Deb and Ben rode over to my house, where Deb and I exchanged excited banter about the trip, and the boys commiserated about how their womenfolk were insane to ride “in the cold” (note: about 50F). Peter wished us well, Deb and I rode to the gas station, and Ben headed back towards the freeway to ride home (it was her first freeway ride on the YZF, so he tagged along to make sure nothing exploded or flew off the bike).
I ran through the rough itinerary with Deb and we were off! I led during the first portion of the ride, since I was taking us the Sekrit Way up to Alice’s (Stevens Canyon/Pierce Road to Hwy 9).

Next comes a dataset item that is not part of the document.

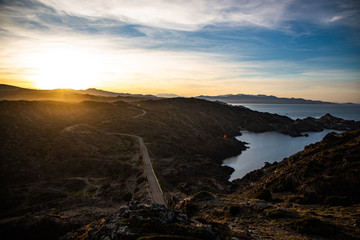 Sunset and a curved road view in Cap de Creus, Catalunya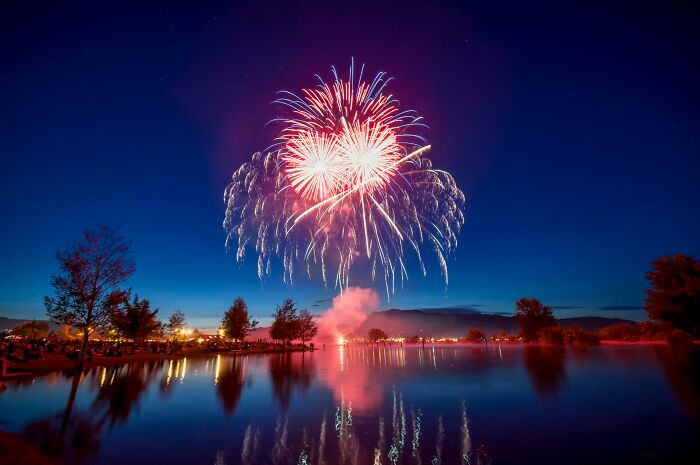 Fireworks exploding over a calm lake at night, capturing a moment that still haunts many who ignored their gut feeling.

I hung back a bit, as much for my own good as for Deb’s, but she was right behind me the whole way. Once we got to Highway 9, we separated for a bit due to stupid cagers indiscriminantly using turnouts, but we reunited at the next intersection. I’d forgotten yet again this year that it’s Christmas Tree season up in the hills — people drive their pickups and minivans up to Skyline, get a tree, lash it on, and then drive about four miles per hour back home. You really get to examine the ends of many Christmas trees while riding in the hills in early December.
We made it up to Alice’s with no problems (nor frostbite, you wimpy boys!) and had just settled down on the patio for some nice hot chili when Tony appeared! Turns out that he’d been up there riding with a Tuono group, and he was about to leave for home when he noticed our bikes. He joined us for yummy warm food and told us about the road conditions on Pescadero/Highway 84.
I put Deb in the lead on Highway 84, heading down to the coast, so that I could snap some pictures of her. 😉 She was riding really well for having a brand new bike.
As we neared the open area right at the western end of Hwy 84, we got behind a slow-moving pickup truck who was doing that really irritating thing of sort of half pulling over to the shoulder, so you can’t really tell if he wants you to pass him or whether he’s just driving like shit. Deb backed off — wisely, as it turned out, because all of a sudden, a 2×4 came flying out of the back of his pickup truck and went flying straight back at us! Deb was far enough behind that she didn’t even have to hard brake; she was a complete superstar. I have no idea whether she rode over the plank or avoided it — it happened pretty quickly.
We pulled over at the San Gregorio General Store to giggle about the 2×4 and decide where to go next. As we were discussing it, a grumpy old woman waddled out of the building next to the general store and started yelling at us. “You’re shouting!” she cackled. “If you want to shout, go stand by the road” (which, incidentally, was exactly where we were). She mumbled something about how we should clean up our acts and shut the hell up, and waddled away again. Deb and I burst into giggles and rode off towards Highway 1. As we passed the parking area, I saw the old woman again, and I shouted for her to have a nice day, which earned me a big ol’ stinkeye. I figure I’m authentic biker scum now, as I have been chastised by a grumpy old woman.
Highway 1 and Pescadero Road were uneventful. I didn’t get any pictures of this section, as my camera battery helpfully crapped out right after our stop at San Gregorio.
When we hit the intersection of Pescadero Road and Alpine Road, Deb pulled over and asked if I wanted to try Alpine. Neither of us had done it before, so we decided to go for it. I’d heard it was narrow and windy, and it delivered. I had a blast; Deb was probably wishing the roads were a weee bit wider, especially when an oncoming Christmas Tree-bearing SUV came barrelling around one blind corner right smack dab in Deb’s lane.
Eventually, we made it up to Skyline, where Alpine becomes Page Mill Road and heads north down into Palo Alto. We started down the hill; I went in the lead this time at Deb’s request. Partway down the hill, I got behind a bicyclist who apparently decided that he owned the entire lane, as he drifted from curb to centerline and back through turns — he was basically following a motorcycle line through the corners, but at about 20 mph. I finally got around him by gunning it in one of the very few straights — I felt like a big asshole, but the guy was just not letting me pass.
About five turns later, I came around a corner to find three deer smack in the middle of the road. I slammed on my brakes and came to a complete stop so that the deer could decide where they were going. Two immediately jumped into the brush and ran away, but this huge deer remained in the road, staring at me. I began to get nervous that a car was going to tear around the corner behind me and plow right into the back of me. The deer finally turned away and followed its family off into the brush, right as that same bicyclist rounded the corner. “PULL TO THE SIDE!” he screamed at me as he pedalled past, as though I’d just decided to park myself in the middle of a curvy mountain road for no bloody reason.
Anyway, Deb and I finally made it down to Highway 280, where I took off towards home. It was a great ride, despite various people and animals trying to kill us.